Page last updated at 21:57 GMT, Thursday, 19 November 2009

Gates orders Army inquiry after Fort Hood killings

Military funeral of one of the victims of the Fort Hood shooting.
Thirteen people were shot dead on the Fort Hood base.

A review of US Army and Pentagon policies has been ordered by the defence secretary in the wake of a shooting at a military base.

The review will include Pentagon medical and personnel programmes, and US military base security.

Defence Secretary Robert Gates appointed a former Army secretary and an ex-Navy chief to report in 45 days.

The review is in addition to others into the Fort Hood shooting in which 13 people were killed.

Army psychiatrist Nidal Malik Hasan, 39, was shot by police during the incident on 5 November, and remains in hospital. He has been charged with 13 counts of murder.

"The shootings at Fort Hood raise a number of troubling questions that demand complete but prompt answers," Mr Gates said at the Pentagon.

He said the review would look at ways to ensure the safety of military members and their families.

'Internal weaknesses'

It would also look at any gaps in identifying personnel who could pose threats to others.

"We do not enter this process with any preconceived notions," he said, according to AFP news agency.

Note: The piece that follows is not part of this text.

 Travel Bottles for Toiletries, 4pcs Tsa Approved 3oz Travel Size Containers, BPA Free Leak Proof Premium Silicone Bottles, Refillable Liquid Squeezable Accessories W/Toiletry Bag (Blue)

"However, it is prudent to determine immediately whether there are internal weaknesses or procedural shortcomings in the department that could make us vulnerable in the future."

Former US Army secretary Togo West and former chief of naval operations, Admiral Vernon Clark will oversee the review.

US President Barack Obama has already ordered a review of the way intelligence agencies handled information about the major.

US intelligence authorities revealed they knew Maj Hasan had been in contact with a cleric sympathetic to al-Qaeda.

An FBI-led task force monitoring the e-mail of Yemen-based US cleric Anwar al-Awlaki said he had communicated with Maj Hasan - a US-born Muslim and army psychiatrist - on 10 to 20 occasions.

However, it was decided that further investigation was not needed, as the content of the messages did not advocate or threaten violence.